(Cocaine Smuggling Routes and Transshipment Countries) "Increasing amounts of Latin American cocaine are now also being sent to Europe (see Figure 2.2). Most consignments are smuggled in container vessels and dispatched directly to ports in Spain (Barcelona), Portugal (Lisbon), the Netherlands (Rotterdam), and Belgium (Antwerp).9 The growing emphasis on Europe reflects higher street prices than those in the United States10 (see Table 2.4) and shifting consumer demand patterns toward this particular narcotic (and derivates, such as crack).11 Based on prevalence rates in 2008, the United States accounted for roughly 44 percent of global cocaine consumption, Europe 25 percent. In the latter case, the UK constitutes the largest cocaine market on the continent in absolute terms, with usage among the general population standing at 1.2 million in 2009.12
"The more-common route, however, runs via hubs in West Africa, especially Sierra Leone, Guinea-Bissau, Guinea, Ghana, Mali, and Senegal (see Figure 2.3).

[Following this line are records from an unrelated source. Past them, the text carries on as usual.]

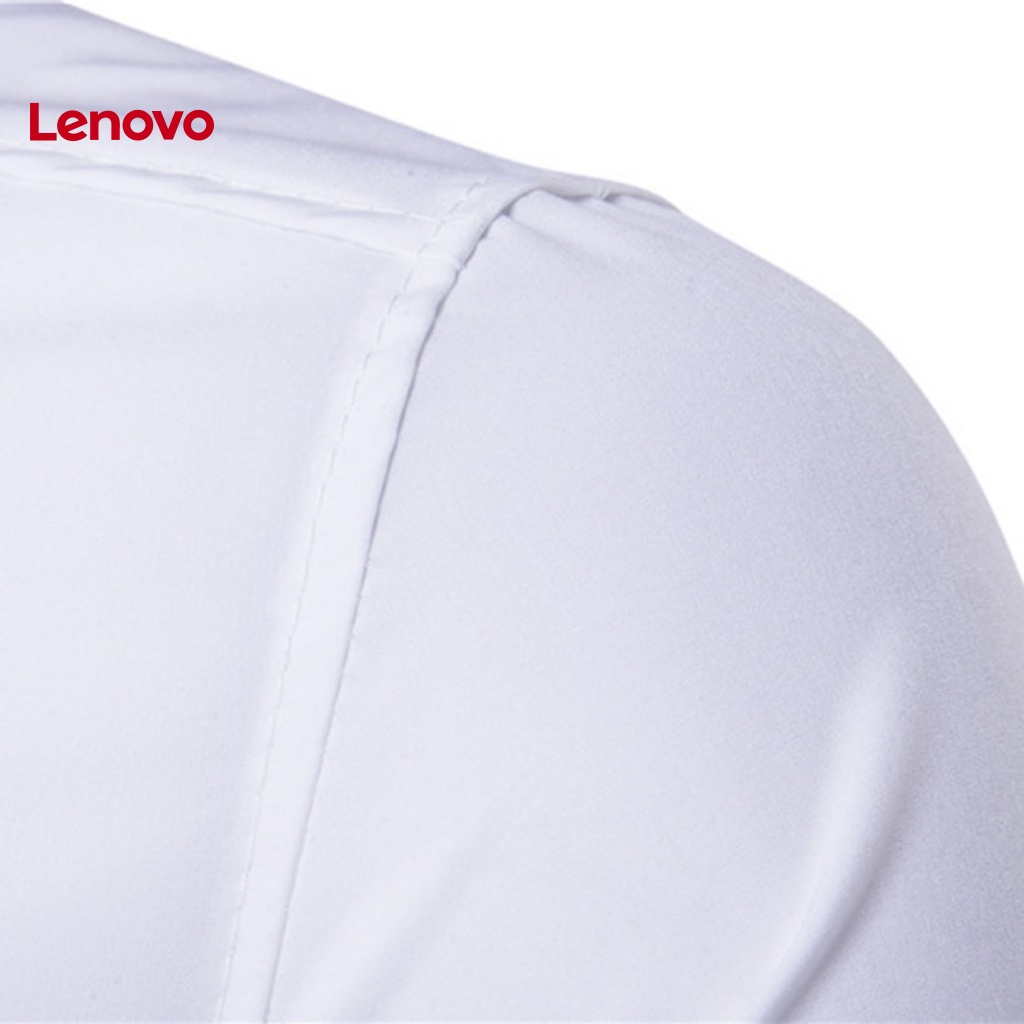 Áo Sơ Mi Nam Cổ Bẻ Hai Hàng Nút Họa Tiết Hoa Hướng Dương Màu Sắc Thanh Lịch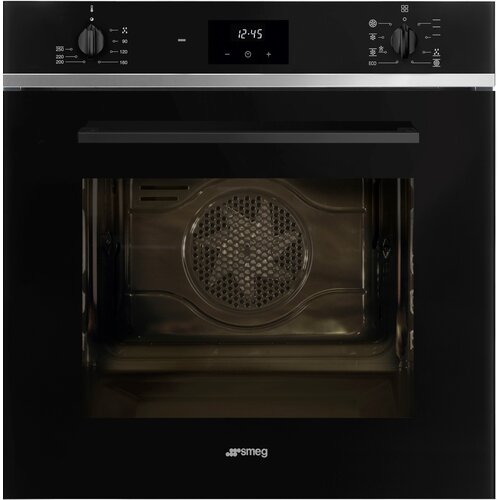 Smeg PEĆNICA SF6400TB, (SM0903007) Cijene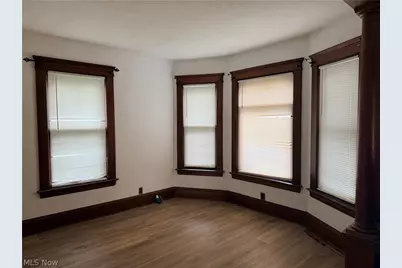 1043 W 50th Street, Ashtabula, OH 44004 - Photo 9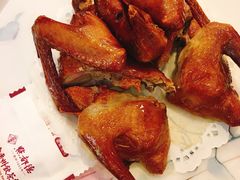 -点都德(北京路贰店)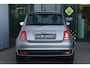 Fiat 500 0.9 TwinAir Turbo Sport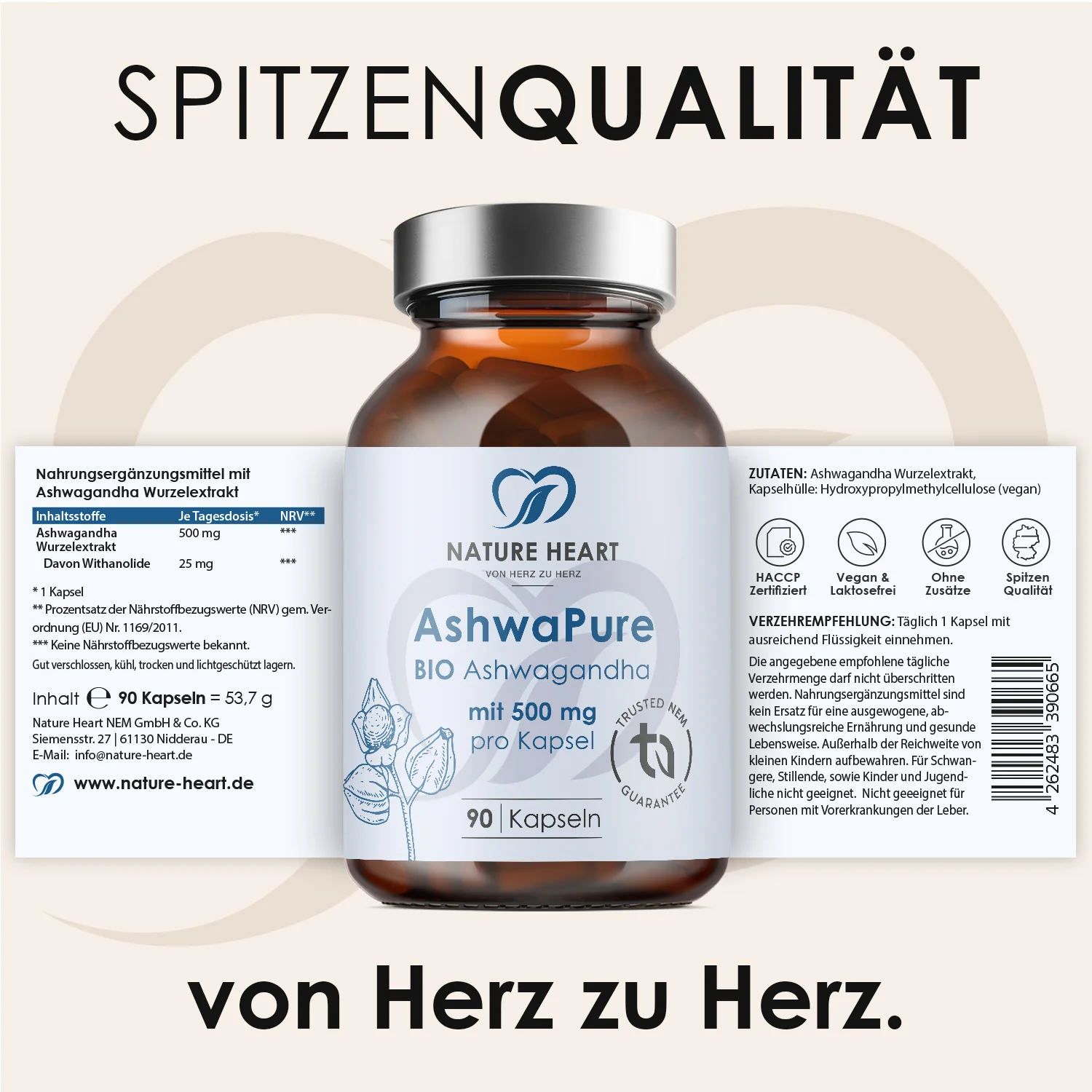Produktbild 7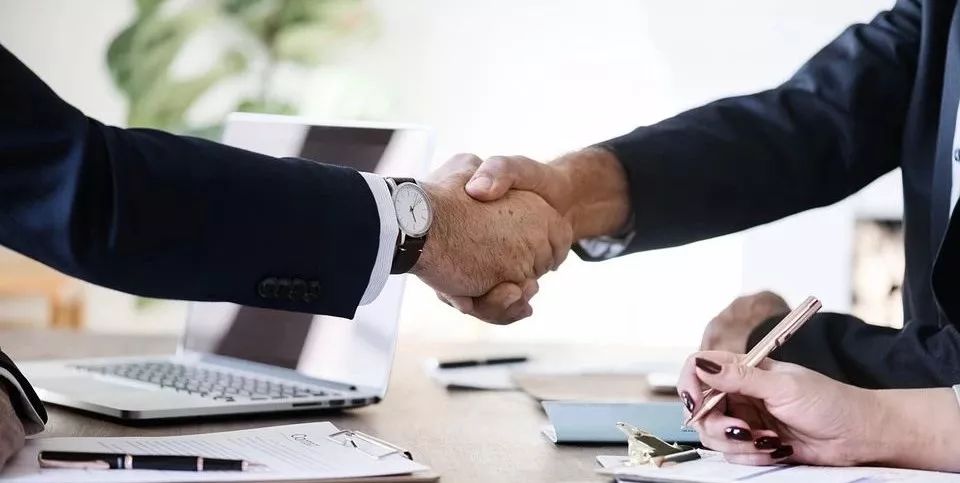 左手拿赏金，右手实现正义，中国版“司法赏金猎人”了解一下？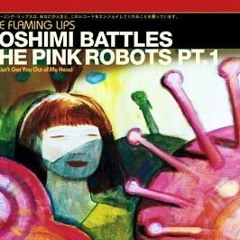 Yoshimi- Flaming Lips Cover by らØƔƐ尺ɪƓЛ ØÐÐɪŤϤ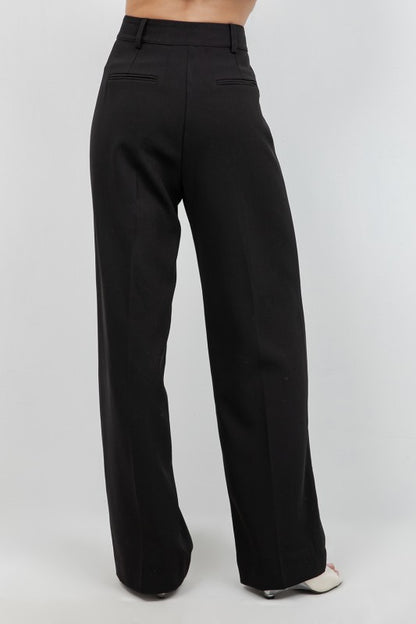 Callum Pant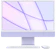 Apple iMac 24-inch (M1, 8-core GPU) 1
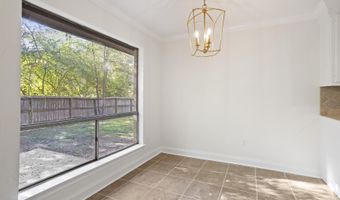 116 Oakhill Pl, Brandon, MS 39042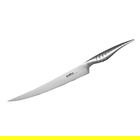 Samura Reptile 22.4cm Fisherman Fillet Knife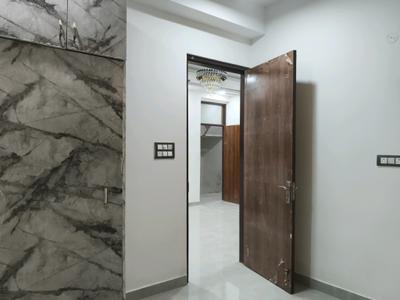 Bedroom Image of 1050 Sq.ft 2 BHK Apartment / Flat for sale in Krishna Elite Homes, Noida Extension Greater Noida for Rs. 4200000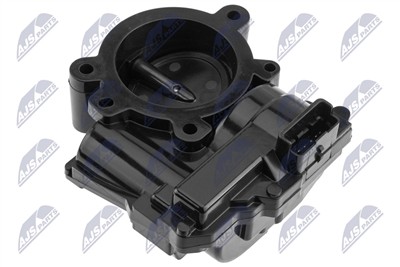 NTY ETB-PE-004 EAN: 5902048361806.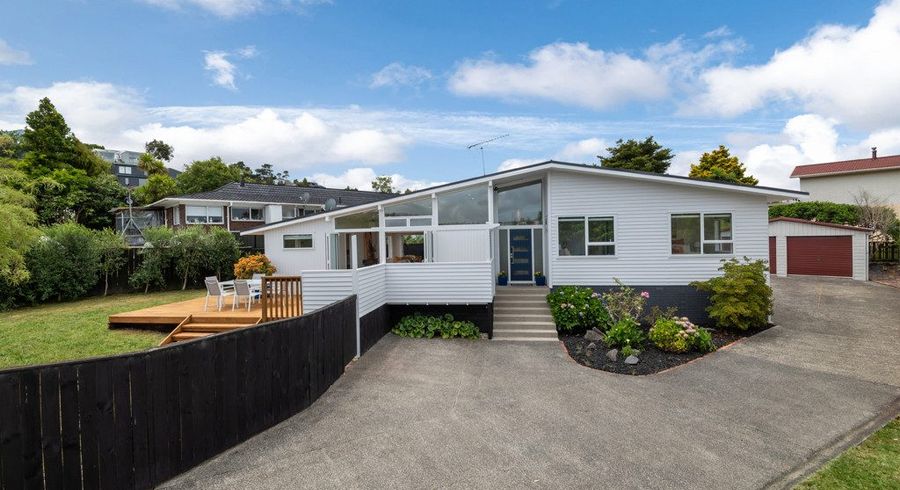  at 43 Stredwick Drive, Torbay, Auckland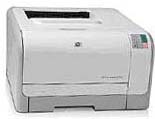  HP Color LJ CP1215,  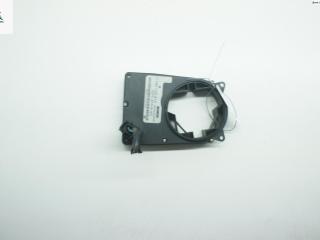 датчик угла поворота руля Ford Mondeo 3 поколение [рестайлинг] 2005, 2.2 л., дизель, МКПП, синий, универсал, 1S7T3F818AD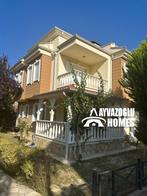 Comfortabele 2+1 villa voor een 3605 familie, Immo, Buitenland, 3 kamers, 180 m², Stad, Turkije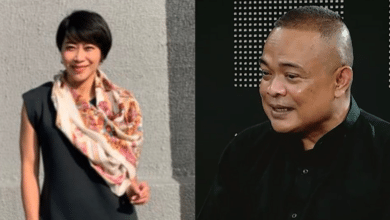 จตุพรคำผกา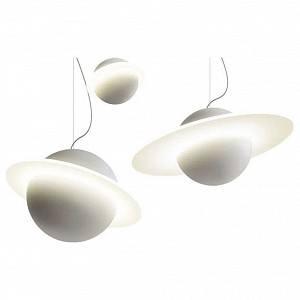 Светильник потолочный Alfa-Light F3224 (Италия)
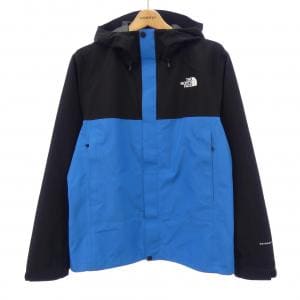 ザノースフェイス THE NORTH FACE NP12014 ジャケット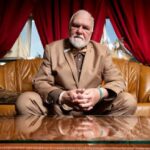 Barry Neufeld an application for judicial review April 10 2026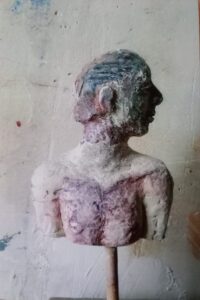 WhatsApp Image 2026-02-02 at 13.53.49 (2)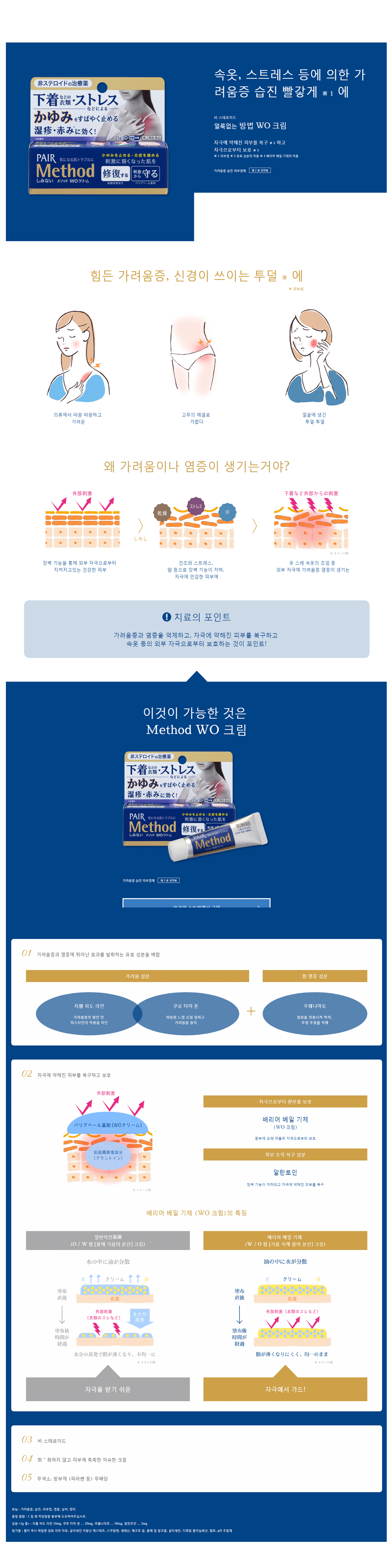 94f5363acd88cf813e48a8631a03043f_1605166829_5946.gif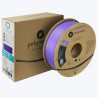Polymaker™ ASA
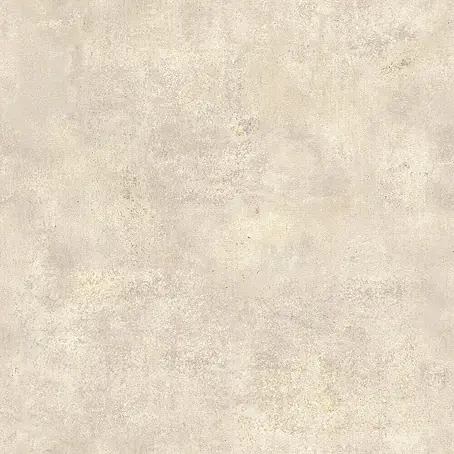 Rasch Vliestapete Beton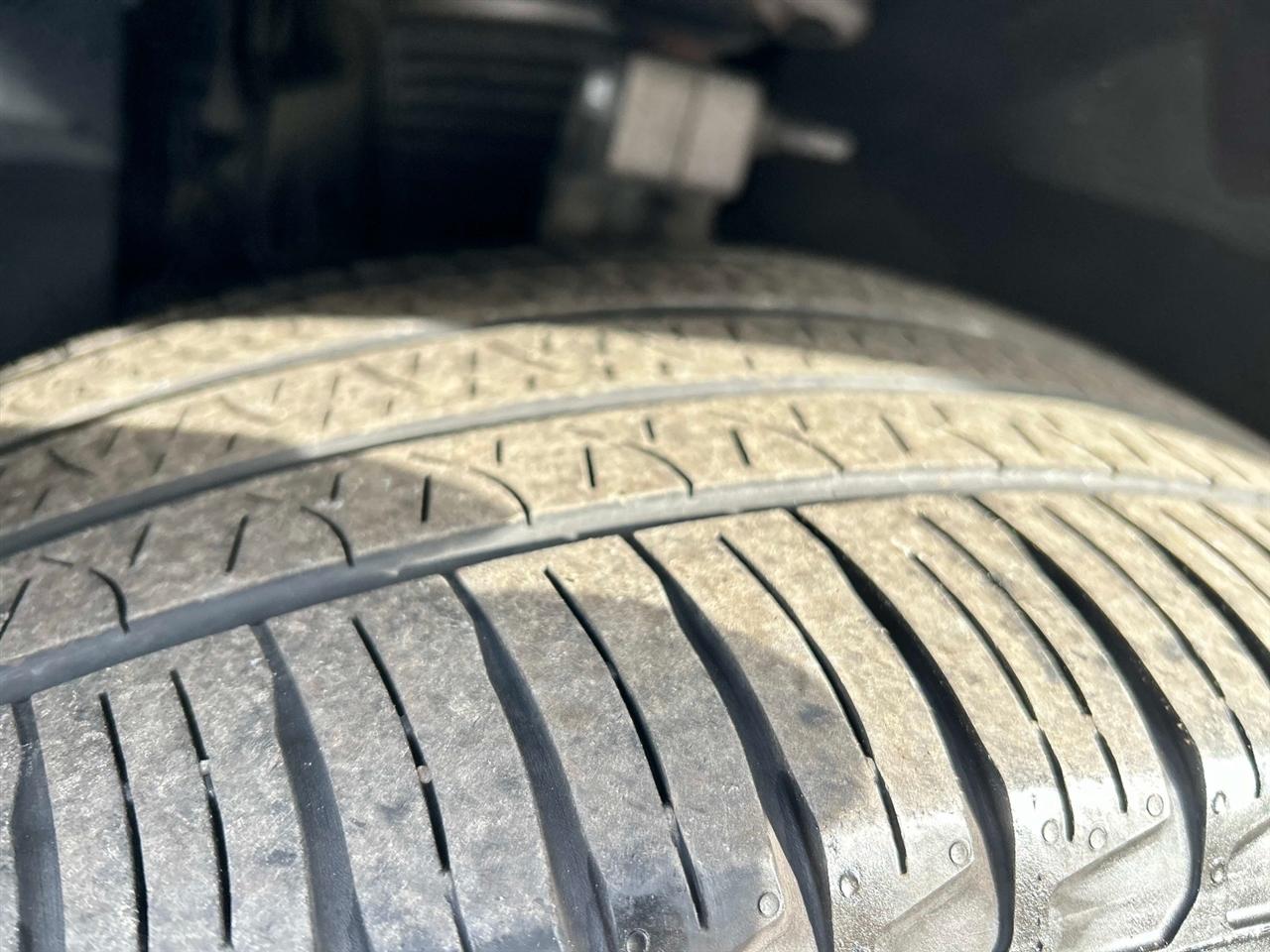 Land Rover Range Rover Sport  2017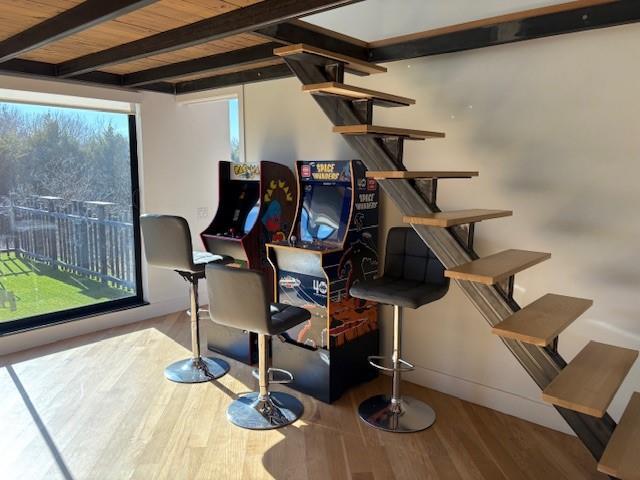 Building Photo - 6448 Co Rd 437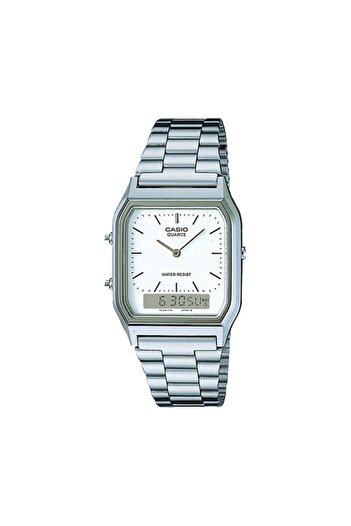 Casio Casio watch, Vintage Edgy AQ-230A-7AMQYES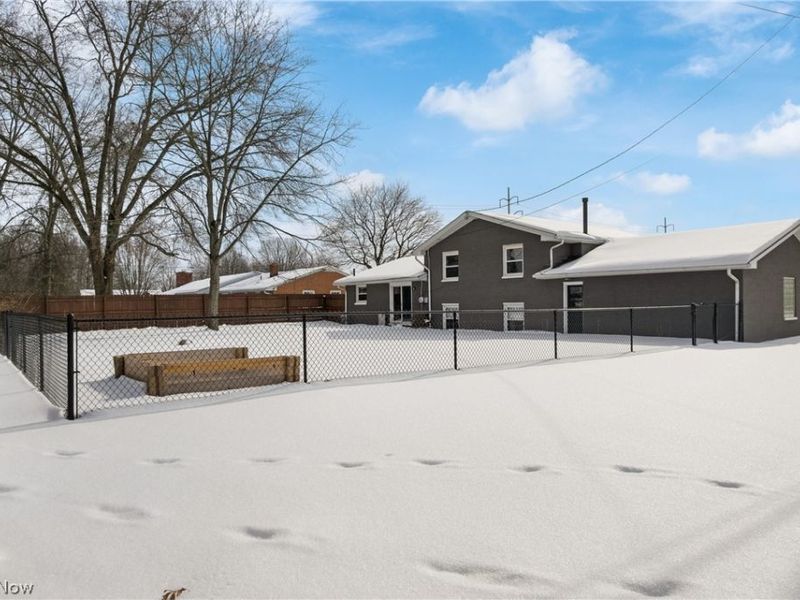 4811 Lawndale Street NW, Canton, OH 44708 Photo 35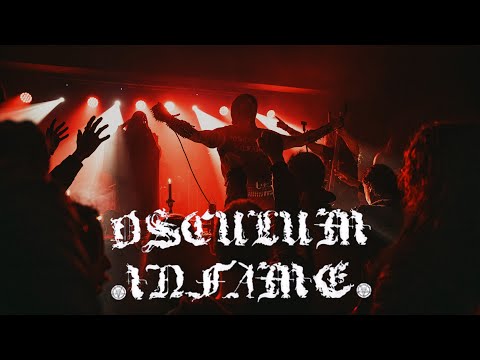 GRONNENHELL and Signal Rex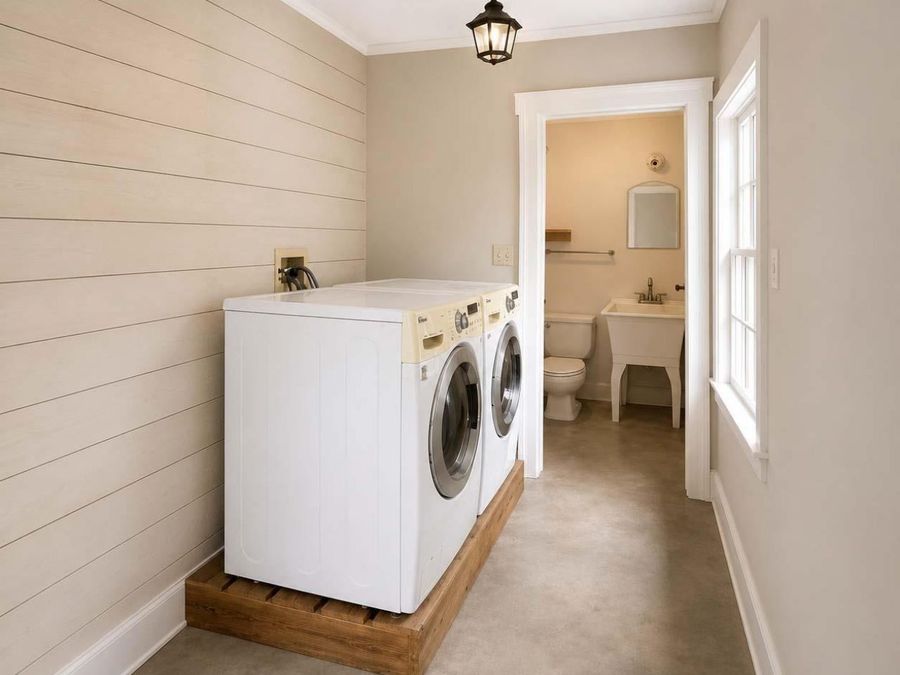 Property Image 47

All of these countries have weak judicial institutions, lack the resources for effective (or, indeed, even rudimentary) coastal surveillance, and are beset by endemic corruption—making them ideal transshipment hubs for moving narcotics out of Latin America.13 According to U.S. officials, between 25 and 35 percent of all Andean cocaine consumed in Europe arrives from one of these states.14 A 2008 report by UNODC similarly estimated that at least 50 tons of Colombian drugs pass through West Africa every year, with cocaine seizures doubling annually from 1.32 tons in 2005 to 3.16 tons in 2006 to 6.46 tons in 2007.15 In the words of Antonio María Costa, the former executive director of UNODC, the illicit trade has become so endemic that it has now effectively turned “the Gold Coast into the Coke Coast.”16"
Chalk, Peter, "The Latin American Drug Trade: Scope, Dimensions, Impact, and Response," RAND Corporation for the the United States Air Force (Santa Monica, CA: 2011), pp. 6-9.